Hello MRtrix community, I am encountering an issue in which the results of fixelcfestats appear strongly driven by a single outlier (1 observation out of 159 observations). The fwe results are highly significant when that observation is included, but nonsignificant when it is removed. I have a memory of seeing a paper or conference presentation at some point in the last year that mentioned this problem, but I can’t seem to track it down. So, my question is, am I correct in remembering that this problem may have been addressed somewhere in the literature? If so, does anyone remember what it was? If not, has anyone else encountered this issue, and are there any ways of avoiding this? (Other than post-hoc checks.)

Thanks in advance,
Rachael

I have to admit that I’m not all that familiar with the statistics involved, but I would naively have assumed that the permutation testing would have somehow dealt with it. However, a quick search does pull up a decent explanation of how an outlier could influence the FWE error rate – on Twitter, of all places… So based on that little video, if you’re doing a regression, and your outlier is at the end of the range in your outcome measure, and also an outlier in terms of its AFD, then this could lead to artificially low p-values. Have a look at the video, see if I’ve got that right…

As to whether there are ways of avoiding this: not as far as I know in the current software. Maybe others have solutions that they’re working on?

Fascinating–this bivariate outlier situation is exactly what was going on in my data, which was obvious as soon as I started making scatterplots of the results. The troublesome case wasn’t an exclusion-worthy outlier in the predictor variable alone, which is why I went ahead and included it in the whole brain regressions. Frustrating to find out that some seemingly cool results weren’t so strong after all, but a good lesson re: why it’s important to visualize data post hoc using values from fwe-significant clusters.

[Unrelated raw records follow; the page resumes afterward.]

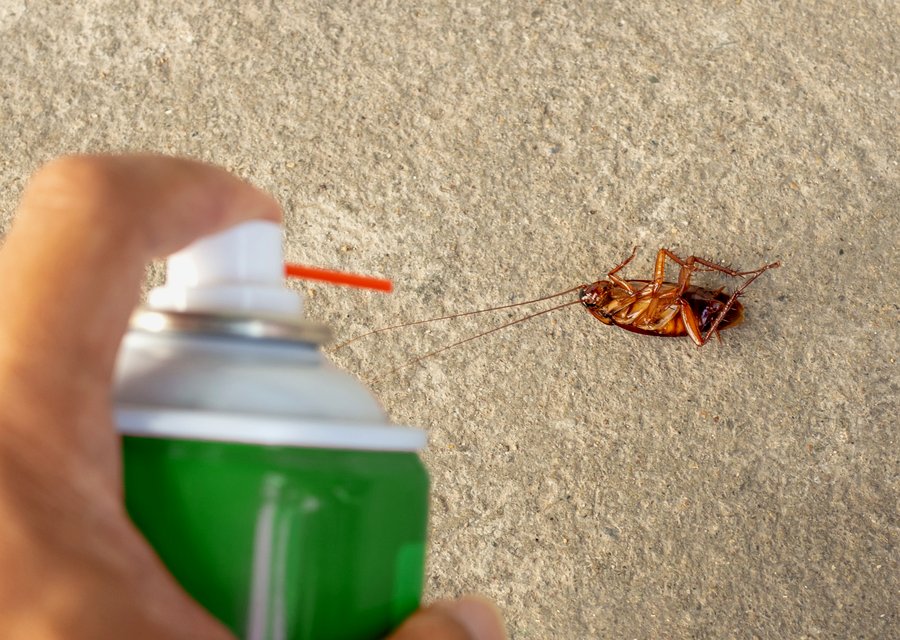 Local exterminator Glencoe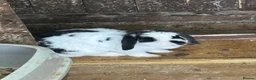 English Lop rabbits for sale: 🐰 Lop-Eared Rabbits for Sale 🐰 - Advert 7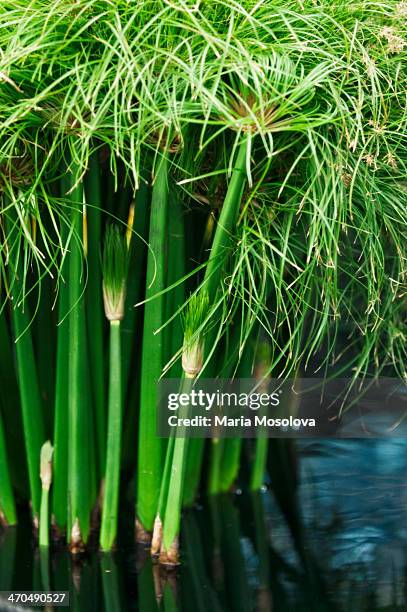 Papyrus Reed Pictures Photos and Premium High Res Pictures - Getty Images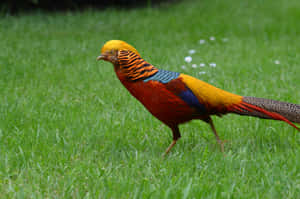 Golden Pheasant In Grass.jpg Wallpaper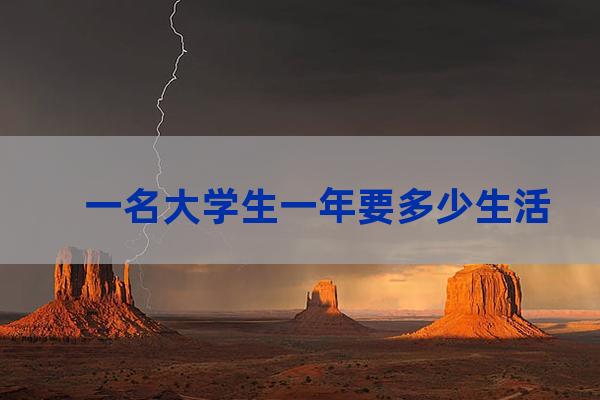 大学生生活费开支表图(大学生生活费开支调查问卷)-第1张-职场百科-大苏人才网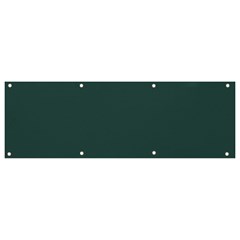 Color Dark Slate Grey Banner And Sign 9  X 3  by Kultjers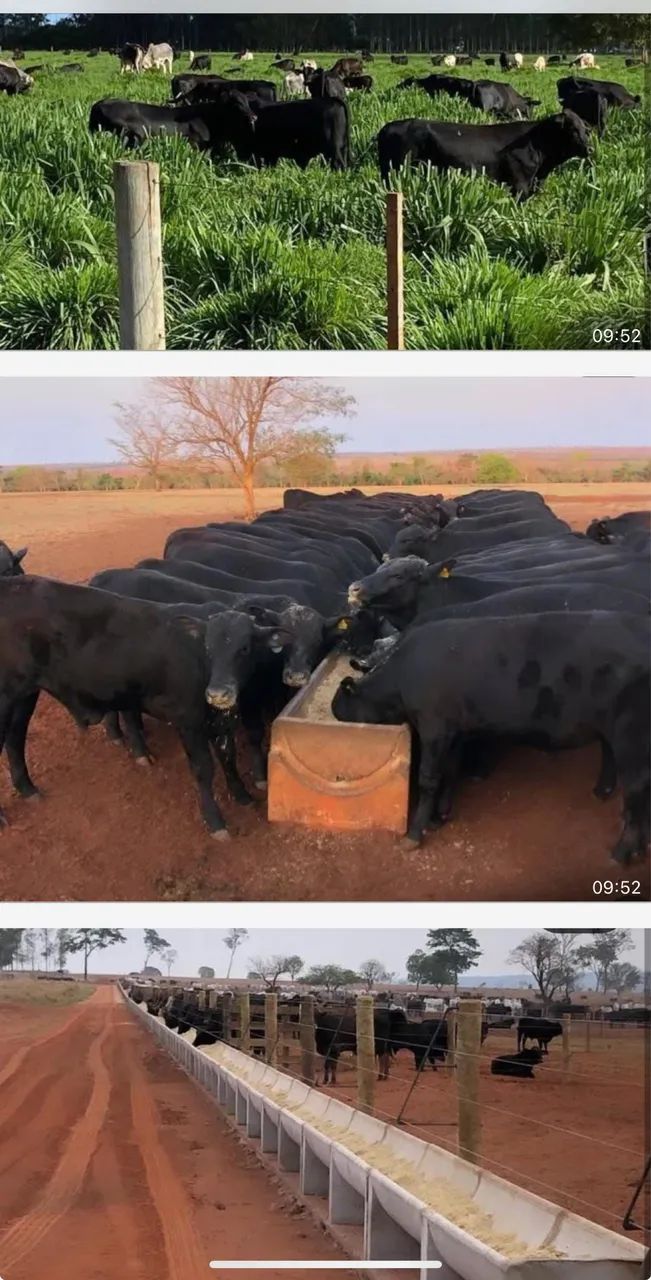 Fazenda em nova Andradina 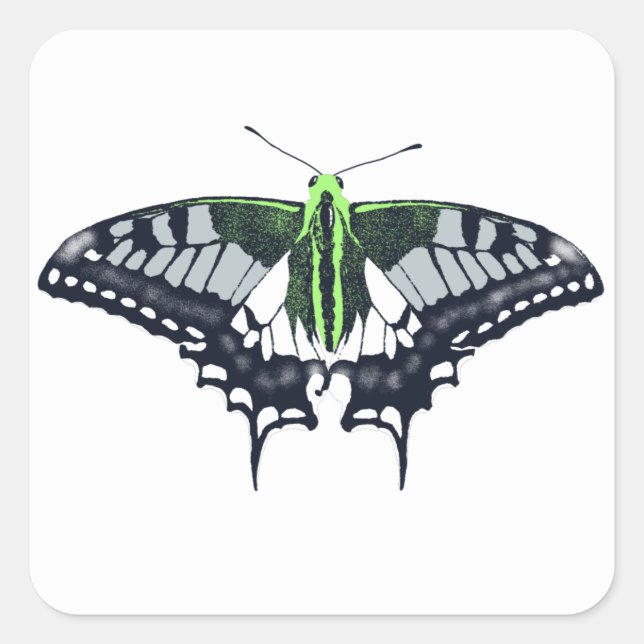 Agender Flag Swallowtail Butterfly Square Sticker (Front)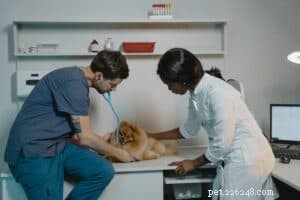 Základní zdravotní péče, kterou vaše nové štěně potřebuje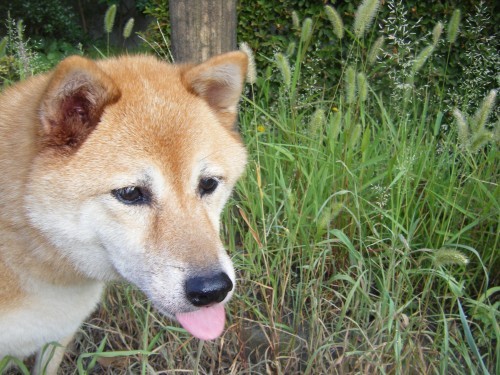 横浜山口ドッグスクール日記　～life with dog～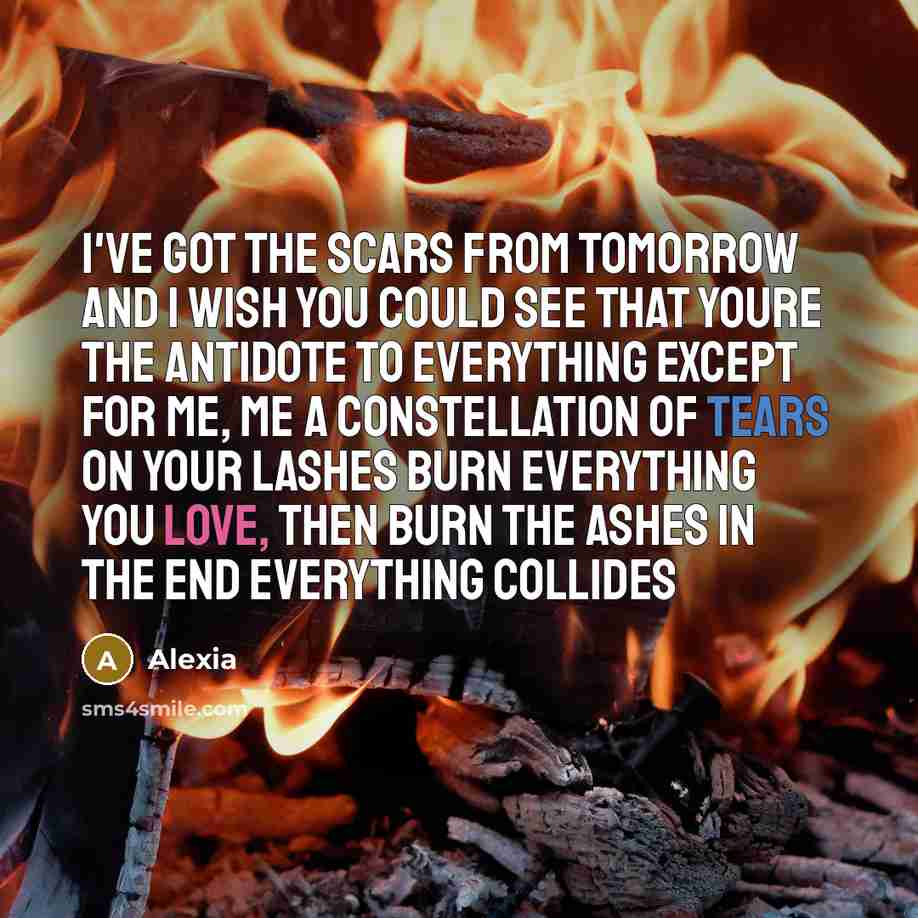“I've got the scars from tomorrow and I wish you could see That youre the antidote to everything except for me, me A constellation of tears on your lashes Burn everything you love, then burn the ashes In the end everything collides” quote by Alexia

Looks like Dr. Mumford did follow up on suggesting a fix for this issue:

The goal of this video is a simple fix that will at least help you avoid the scenario that inflates your Type I errors. It will only take a few minutes….look at the distribution of your explanatory variables! Are there outliers? If so, run your model with and without those subjects and report both results. More about why this works and why modeling strategies such as robust regression and flame 1 may miss these types of outliers in the video.

Link to the video explanation

As to whether there are ways of avoiding this: not as far as I know in the current software. Maybe others have solutions that they’re working on?

The solution I have on the way is only applicable for the prior explicit labelling of outliers, which are then excluded from the model on a per-fixel basis. It’s intended for dealing with brain cropping / inconsistent fixel correspondence rather than “outliers” more generically.